--- START ---
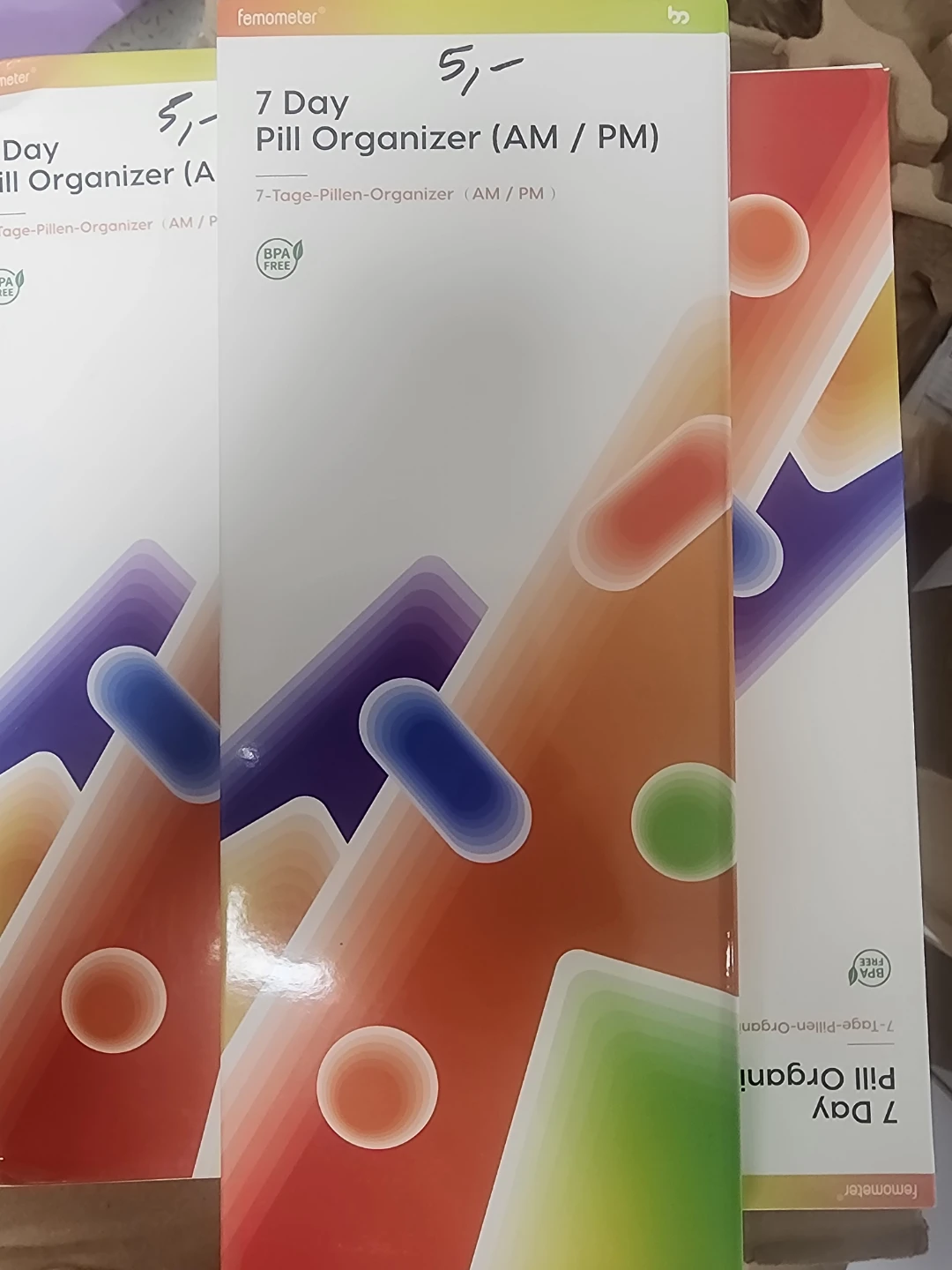 Femometer 7 Day Pill Organizer (AM/PM)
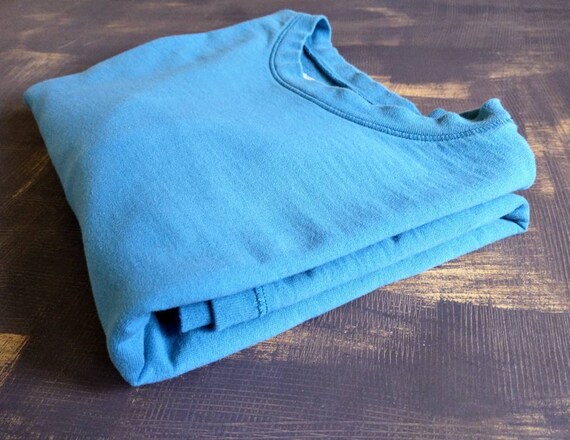 Vintage 50's / 60's Men's Short Sleeve Sweatshirt… - image 6
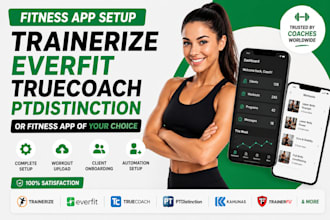 setup trainerize everfit truecoach ptdistinction or fitness app of your choice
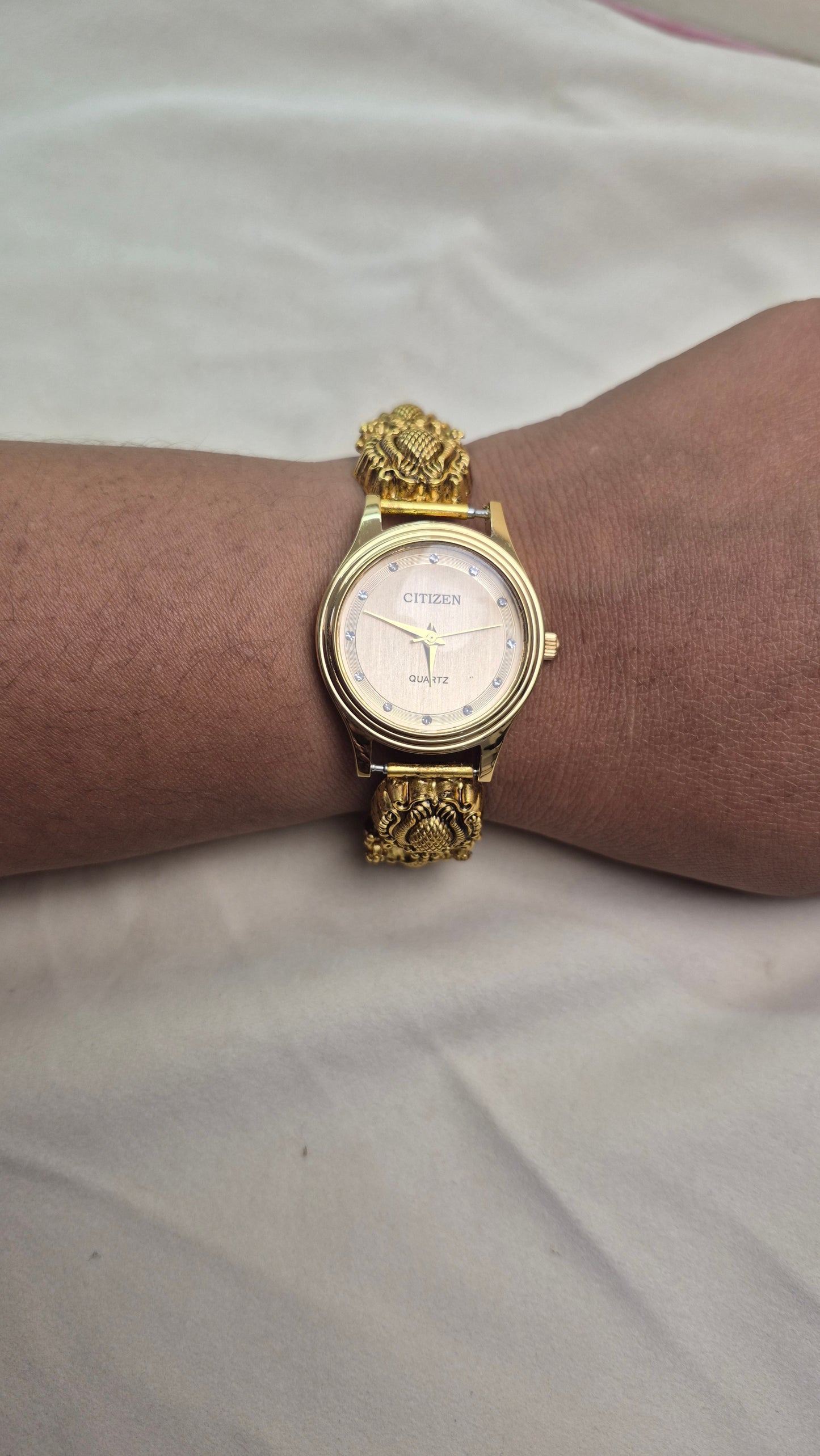 Antique watch gold dial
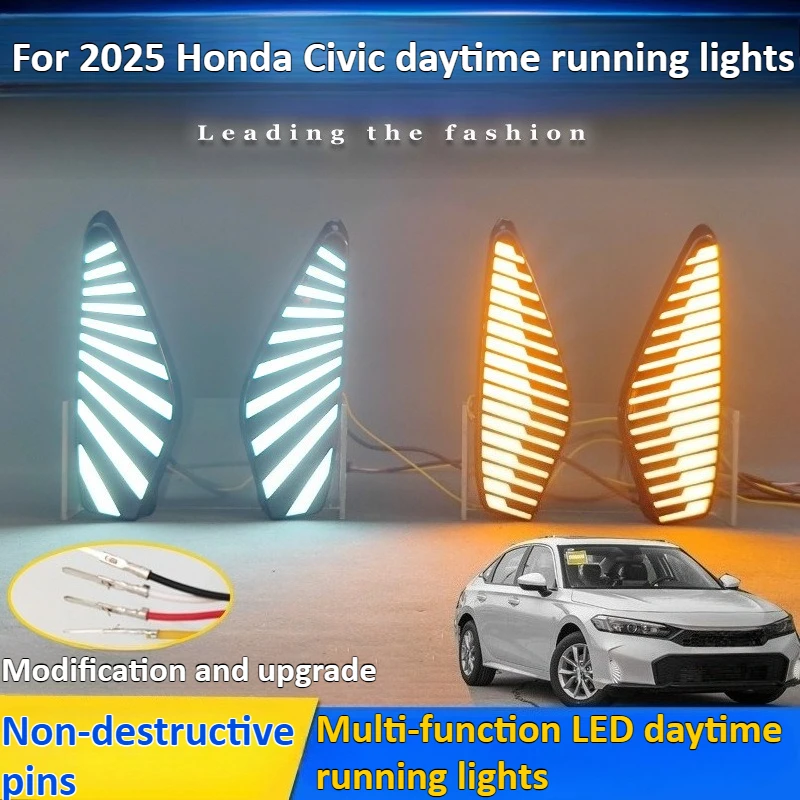 

For Honda 11th Generation Semi-Civic 2025 Daytime Running Lights Retrofit LED Daytime Running Lights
--- END ---
* _Task to carry out_
Every line above should be returned word for word, with the pictures left behind.

* _Task output_
 Femometer 7 Day Pill Organizer (AM/PM)
 Vintage 50's / 60's Men's Short Sleeve Sweatshirt… - image 6
 setup trainerize everfit truecoach ptdistinction or fitness app of your choice
 Antique watch gold dial

For Honda 11th Generation Semi-Civic 2025 Daytime Running Lights Retrofit LED Daytime Running Lights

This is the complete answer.